上記二首の前半部分は完全に同一で、後半部分のみ若干異なっているものの意味する内容はほとんど同じです。

そして、二首目が採録されている『万葉集』には、同じく泊瀬川を題材にした別の歌が収録されています。

こもりくの 泊瀬(はつせ)の川の
上つ瀬に 鵜を八頭潜(やつかづ)け(川上の瀬に鵜を八羽潜らせ)
下つ瀬に 鵜を八頭潜(やつかづ)け(川下の瀬に鵜を八羽潜らせ)
上つ瀬の 鮎を食はしめ(川上の瀬の鵜に鮎をくわえさせ)
下つ瀬の 鮎を食はしめ(川下の瀬の鵜に鮎をくわえさせ)
麗(くは)し妹に 鮎を惜しみ(美しい妻のために鮎を大切にする)
投(な)ぐる箭(さ、矢のこと)の 遠ざかり居て(そんな妻なのにその妻からは遠く射る矢のように遠くに離れていて)
思ふそら 安けなくに(もの思う身もやすらかでなく)
嘆くそら 安けなくに(嘆く身もやすらかでない)
衣(きぬ)こそば それ破(や)れぬれば(衣は破れてしまっても)
継ぎつつも またも合ふと言へ(継げばまた合わせることができ)
玉こそは 緒の絶えぬれば(玉は通した紐が切れてしまっても)
括りつつ またも合ふと言へ(括ればまた合わせることができる)
またも逢はぬものは 妻にしありけり(またあうことができないものは、妻なのだ)
〔万葉集巻十三「挽歌」三三三〇〕(カッコ内は稿者訳)

この歌では神事の杙は歌われず、かわりに鵜飼の描写がなされています。
つまり、神事の杙と鵜飼とが交換可能な題材になっているのです。

このことが意味することは二つです。まず、神域榜示の杙は、田畑だけでなく漁労/狩猟の場にも立てられていた場合があるということ。

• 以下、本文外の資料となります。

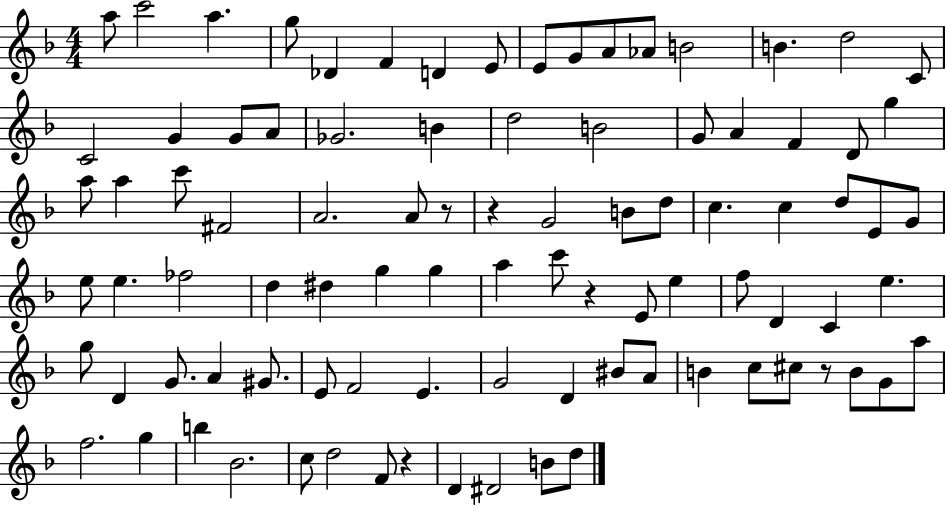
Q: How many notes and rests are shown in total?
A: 92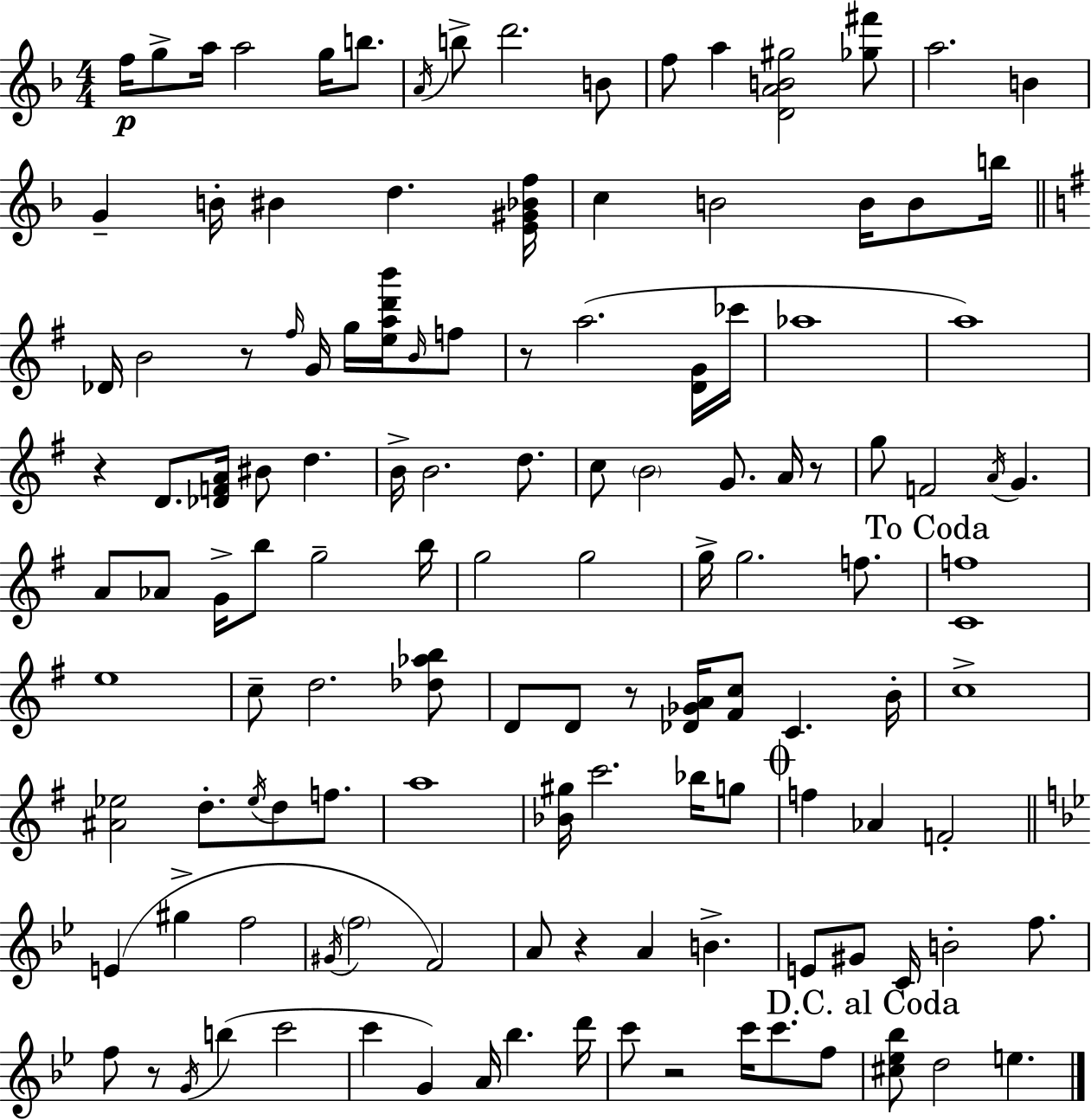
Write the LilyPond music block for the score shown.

{
  \clef treble
  \numericTimeSignature
  \time 4/4
  \key f \major
  \repeat volta 2 { f''16\p g''8-> a''16 a''2 g''16 b''8. | \acciaccatura { a'16 } b''8-> d'''2. b'8 | f''8 a''4 <d' a' b' gis''>2 <ges'' fis'''>8 | a''2. b'4 | \break g'4-- b'16-. bis'4 d''4. | <e' gis' bes' f''>16 c''4 b'2 b'16 b'8 | b''16 \bar "||" \break \key g \major des'16 b'2 r8 \grace { fis''16 } g'16 g''16 <e'' a'' d''' b'''>16 \grace { b'16 } | f''8 r8 a''2.( | <d' g'>16 ces'''16 aes''1 | a''1) | \break r4 d'8. <des' f' a'>16 bis'8 d''4. | b'16-> b'2. d''8. | c''8 \parenthesize b'2 g'8. a'16 | r8 g''8 f'2 \acciaccatura { a'16 } g'4. | \break a'8 aes'8 g'16-> b''8 g''2-- | b''16 g''2 g''2 | g''16-> g''2. | f''8. \mark "To Coda" <c' f''>1 | \break e''1 | c''8-- d''2. | <des'' aes'' b''>8 d'8 d'8 r8 <des' ges' a'>16 <fis' c''>8 c'4. | b'16-. c''1-> | \break <ais' ees''>2 d''8.-. \acciaccatura { ees''16 } d''8 | f''8. a''1 | <bes' gis''>16 c'''2. | bes''16 g''8 \mark \markup { \musicglyph "scripts.coda" } f''4 aes'4 f'2-. | \break \bar "||" \break \key g \minor e'4( gis''4-> f''2 | \acciaccatura { gis'16 } \parenthesize f''2 f'2) | a'8 r4 a'4 b'4.-> | e'8 gis'8 c'16 b'2-. f''8. | \break f''8 r8 \acciaccatura { g'16 } b''4( c'''2 | c'''4 g'4) a'16 bes''4. | d'''16 c'''8 r2 c'''16 c'''8. | f''8 \mark "D.C. al Coda" <cis'' ees'' bes''>8 d''2 e''4. | \break } \bar "|."
}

もうひとつは、二首の対比から、当時は神事の場と漁労の場が区別されていなかった可能性です。漁労用の杙の一部を神事用に用いている様が読み取れるからです。つまり、農耕も漁労もその空間は神域でもあったのですね。

角杙神(つのぐひの神)と活杙神(いくぐひの神)を神域榜示杙と農耕狩猟道具とのセットとする私説は、これらのことを根拠としています。


■第三代と第四代とで異なる二神の関係

皇子 神世七代の第三代は、泥土の神と砂土の神の組みだったよね。それは、泥の土と砂の土という種類の異なる土の神ではなくて、泥土と砂土という違う神の組みだったけど、第四代は、二神ともに杙神(クヒの神)でいらっしゃるよね。それってどういう意味なんだろう?

宇比地迩神(ウヒヂニの神)と須比智迩神(スヒチニの神)は泥土の神と砂土の神ですが、小松英雄氏の研究により土の神のバリエーションではないことがわかっています。(「通読㉕」)

阿礼 泥土と砂土とは、同じ土のように見えて、それぞれ採れる場所が違うでしょう。また砂土に水を撒いても泥土になりませんし、泥土を乾かしても決して砂土にはなりません。全く異なった別の存在が混ざって特別な土となっていることが、二神がタイプの異なる土の神ではないことから分かります。
それに対し、杙は地面に立てれば域を区別する表示になり、投げて鳥を撃ち落とせば狩猟の道具となります。同じものなのに、どう使われるかで全く異なるものとなるのです。そしてものというのは、使われ方こそが、その本質となるのです。そのことを、二神がタイプの異なる杙の神であることが示しているのです。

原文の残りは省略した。